Ces théories urbaines, connues de la plupart d’entre nous, ne seront pas présentées ici. En revanche, une discussion sur les subtilités de leur interprétation, plus originales dans la description des processus novateurs du rural, nous permettra de prendre position par rapport à un certain nombre de modèles utilisés dans la description et la mesure des transformations des campagnes. Ces modèles d’analyse, dont certains sont bien connus tels que la « représentation contradictoire urbain-rural », la « fin des campagnes », la « naturalité », la notion de « Pays », etc., ont « permis » de penser le rural et son changement.
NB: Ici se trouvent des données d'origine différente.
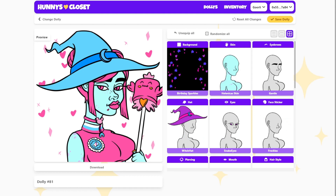Perfect. When you're all done making your perfect dolly, hit Save, and you won't need to pay anything again. All you need to do is sign a request in your wallet. All her data will be updated on the blockchain, and you'll even be able to see it in marketplaces.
Ils reflètent des théories, dominantes par période. Ces modèles, différents en fonction des courants de pensée, des positions sociales et des objectifs poursuivis au sein des sphères administrative, socio-politique ou scientifique, ne peuvent être ignorés. Ils ont eu et ont toujours des implications sur la représentation du rural et son devenir, car ils ont servi et servent encore, à l’occasion, d’explication aux transformations des campagnes. Il nous appartient dès lors de les démêler dans leur apport à la connaissance globale et contemporaine de l’espace rural. C’est ce que nous nous proposons d’exprimer ici par le biais d’une critique sur la validité de chacun des systèmes d’interprétation, mais aussi sous l’angle d’une évaluation de leur contribution théorique à la conceptualisation du processus de rurbanisation dont les principaux mécanismes que nous avons jusqu’à présent identifiés seront au cours de cet article explicités.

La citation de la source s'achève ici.